Shelley Mcintosh is used to going to bed early. But unlike most people who prefer to be asleep well before midnight, she chooses to spend a significant part of her resting hours attached to tubes amid the bright lights and noises of a hospital ward.
The 61-year-old is part of a very small ‘club’, whose members receive life-saving treatment to support their failing kidneys during the night rather than in daytime.
“I used to go to bed at 8.30pm anyway, so all I am doing is getting a taxi over to Epworth Eastern to sleep instead,” Ms Mcintosh said.
The Melbourne hospital started its nocturnal dialysis five years ago, providing an alternative treatment option for patients, most of whom are waiting for a kidney transplant.
“Many of our patients are aged in their 40s, 50s and 60s and are on the transplant list,” Renal Dialysis Nurse Unit Manager Amelia Flowers said.
“They find daytime dialysis is disruptive for work or study, so they come in at night.”
Nephrologist Dr Vatsa Dave said dialysis – which involves fluid being pumped through the patient’s body to filter out waste products – was “essentially a form of life-support treatment”.
“It helps you stay alive and maintain your quality of life,” he said.
Day dialysis takes four to five hours, but night treatment can run over eight hours and is gentler on the body, causing less long-term complications for patients.
“There are lots of studies that show the longer dialysis hours, which we can do overnight, are better for patients,” Dr Dave said.
“It provides better clearing of the toxins and poisons that accumulate in the body when you have kidney failure and it is less stressful for the other organs like the heart, brain and lungs, than to have a shorter, intensive dialysis during the day.”
Ms Mcintosh said she had noticed the benefits of nocturnal treatment since she started the program in December 2021.
“The machine runs at half speed, so I find it’s not as much pressure on my body and I don’t come out of it exhausted like I did with day dialysis,” she said.
However, Ms Flowers acknowledged that people could take a while to adjust to the treatment.

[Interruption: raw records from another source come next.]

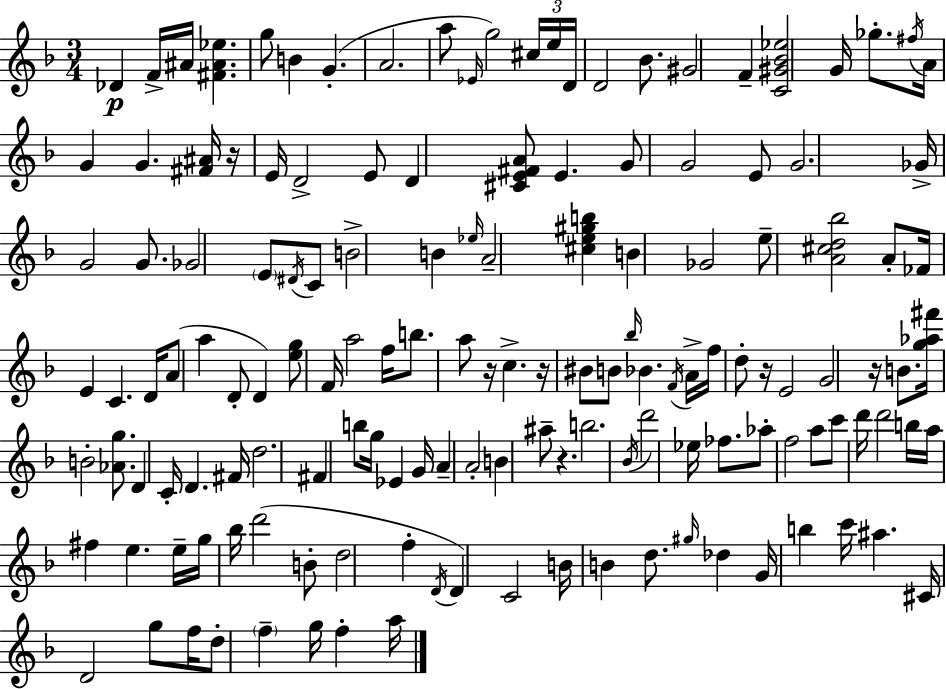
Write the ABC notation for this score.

X:1
T:Untitled
M:3/4
L:1/4
K:Dm
_D F/4 ^A/4 [^F^A_e] g/2 B G A2 a/2 _E/4 g2 ^c/4 e/4 D/4 D2 _B/2 ^G2 F [C^G_B_e]2 G/4 _g/2 ^f/4 A/4 G G [^F^A]/4 z/4 E/4 D2 E/2 D [^CE^FA]/2 E G/2 G2 E/2 G2 _G/4 G2 G/2 _G2 E/2 ^D/4 C/2 B2 B _e/4 A2 [^ce^gb] B _G2 e/2 [A^cd_b]2 A/2 _F/4 E C D/4 A/2 a D/2 D [eg]/2 F/4 a2 f/4 b/2 a/2 z/4 c z/4 ^B/2 B/2 _b/4 _B F/4 A/4 f/4 d/2 z/4 E2 G2 z/4 B/2 [g_a^f']/4 B2 [_Ag]/2 D C/4 D ^F/4 d2 ^F b/2 g/4 _E G/4 A A2 B ^a/2 z b2 _B/4 d'2 _e/4 _f/2 _a/2 f2 a/2 c'/2 d'/4 d'2 b/4 a/4 ^f e e/4 g/4 _b/4 d'2 B/2 d2 f D/4 D C2 B/4 B d/2 ^g/4 _d G/4 b c'/4 ^a ^C/4 D2 g/2 f/4 d/2 f g/4 f a/4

“The patients are sleeping with the noise of the machine, the lights and the alarms. We give them earplugs, and some patients use noise-cancelling headphones to help them sleep,” she said.
Ms Mcintosh said she enjoyed being part of the night-time club, going to the Box Hill-based private hospital in the city’s eastern suburbs up to three times a week.

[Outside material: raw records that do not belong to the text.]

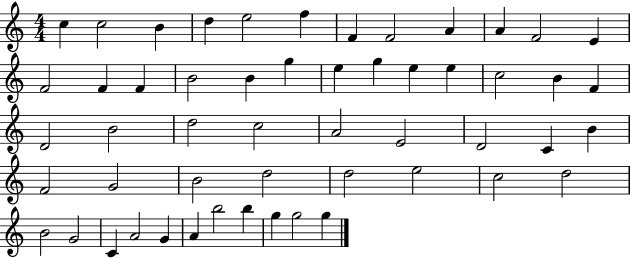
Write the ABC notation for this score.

X:1
T:Untitled
M:4/4
L:1/4
K:C
c c2 B d e2 f F F2 A A F2 E F2 F F B2 B g e g e e c2 B F D2 B2 d2 c2 A2 E2 D2 C B F2 G2 B2 d2 d2 e2 c2 d2 B2 G2 C A2 G A b2 b g g2 g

“The other people that I am with are lots of fun. You get your cup of coffee and sandwiches, watch what you want on TV, then you lay back and go to sleep, and they wake you at five o’clock in the morning,” she said.
Ms Mcintosh is now waiting to join another select group – those who pass the tests that allow them to receive a donor organ.
“Occasionally when one of the overnighters goes missing you think, ‘Okay, they’ve had a transplant’. There have been three who have had transplants since I started," she said.